Dziennikarze holenderscy poinformowali, że wystąpili do Europejskiego Trybunału Sprawiedliwości przeciwko Komisji Europejskiej za zakaz nadawania dla Russia Today i podobnych stacji oraz kolportażu Sputnika. Uważają, że to powinien zrobić sąd, a nie KE, bo to precedens niebezpieczny dla wolności słowa.
Dziennikarze szwajcarscy wyrazili zaniepokojenie sądowym wstrzymywaniem publikacji jako zabezpieczeniem sporu; francuski związek SNJ i niemiecki dju in ver.di domagały się ustanowienia eksperckiej grupy do spraw tematyki gender w mediach, akcji przeciwko działaniom prawicy w mediach społecznościowych oraz zakazu pracy mediów w okolicach Calais (tak jak w Polsce w pasie granicznym z Białorusią); holenderski NVJ apelował o dobrowolne powiększenie składek członkowskich EFJ i w sprawie bezpieczeństwa pracy dziennikarzy; brytyjski związek NUJ o wsparcie w walce z pozwami SLAPP i o zagrożeniach wynikających ze sprawy Juliana Assange; wolności prasy i ochrony dziennikarzy domagały się związki niemieckie (dju in ver.di) a hiszpański FeSP brał w obronę prawa socjalne freelancerów.
Równolegle z dyskusją nad uchwałami trwały wybory do władz EFJ. Mariusz Pilis z SDP był jedynym kandydatem, który startował trzy razy: na przewodniczącego EFJ, na wiceprzewodniczącego i na członka Komitetu Wykonawczego. Był także jedynym, który nie zjawił się w Izmirze ani nie spotkał się z delegatami zdalnie. Hubert Bekrycht poinformował, że przebywa w Charkowie. W tej sytuacji wyniki głosowania były następujące:
Przewodniczący: Maja Sever, Chorwacja – 137 głosów, Mariusz Pilis – 7. Wiceprzewodniczący: Mustafa Kuleli, Turcja – 77, Marta Escano, Hiszpania – 58, Mariusz Pilis – 4.

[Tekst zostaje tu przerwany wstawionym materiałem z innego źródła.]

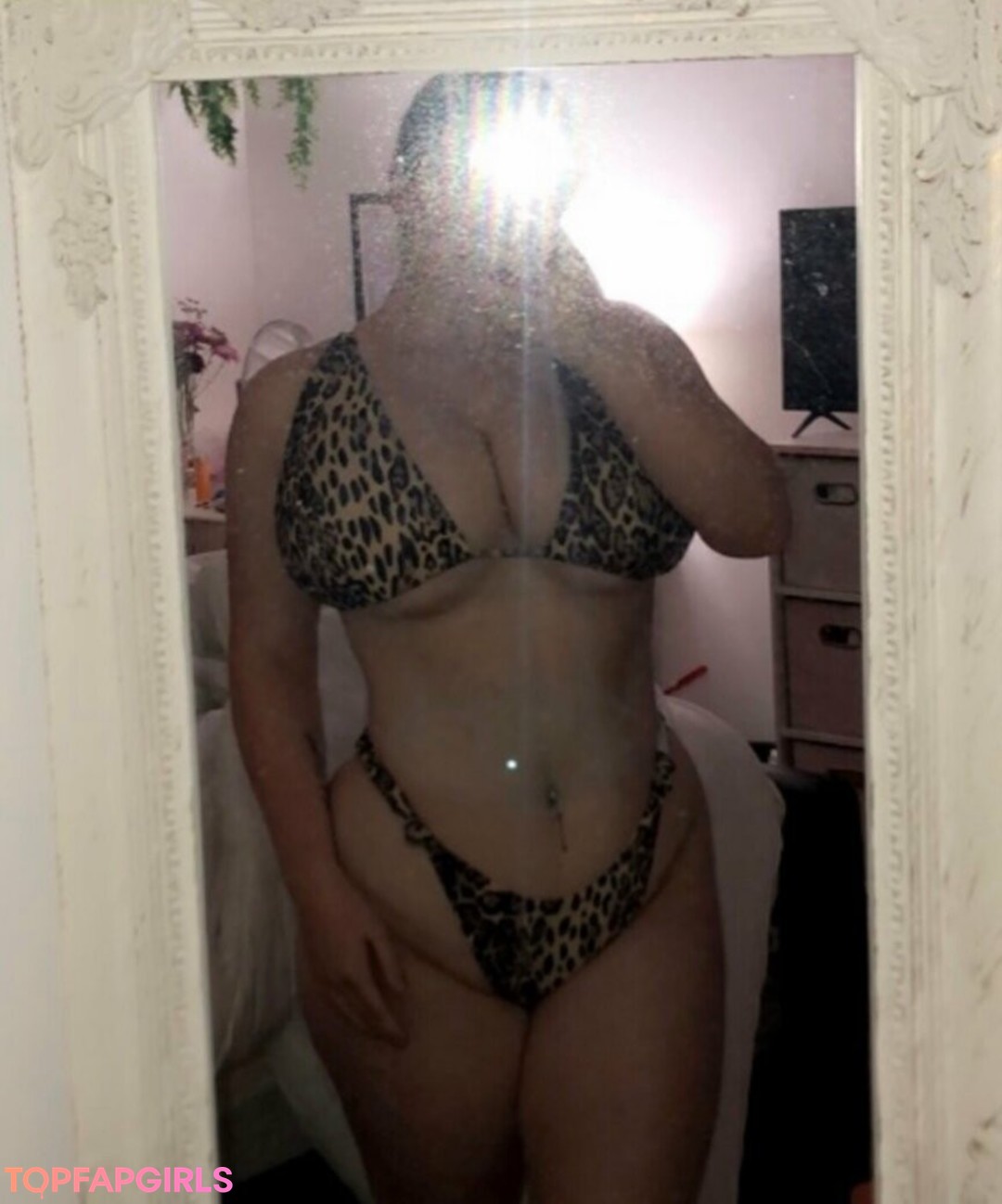 blowjob shower onlyfans free porn photo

Komitet Wykonawczy: Andrea Roth, Niemcy- 125, Anna del Freo, Włochy- 110, Marta Escano, Hiszpania – 94, Pablo Aiquel, Francja – 93, Allan Thilstrup, Dania – 92, Martine Simonis, Belgia – 85, Tim Dowson, Wielka Brytania – 6. To siedmioro członków KW; zostało wybranych jeszcze czworo ich zastępców: Sergij Tomilenko, Ukraina – 57, Elena Tarifa, Hiszpania – 37, Joachim Kreibich, Niemcy – 35, Andrei Jvirbilis, Rosja – 28. Jedynym z 12 kandydatów nie wybranym do tego ciała był Mariusz Pillis – 7 głosów.
Były jeszcze skomplikowane głosowania tajne nad zmianą statutu EFJ, która miała na celu rozłączenie członkostwa w IFJ (Międzynarodowej Federacji Dziennikarzy) i EFJ. Przeszły wszystkie proponowane poprawki do statutu EFJ, co oznacza, że można być tylko w jednej z tych organizacji, ale dopiero po 2025 roku, czyli po następnym zjeździe wyborczym EFJ. Można także być wyrzuconym z tej organizacji, jeśli nie spełnia się jej celów statutowych.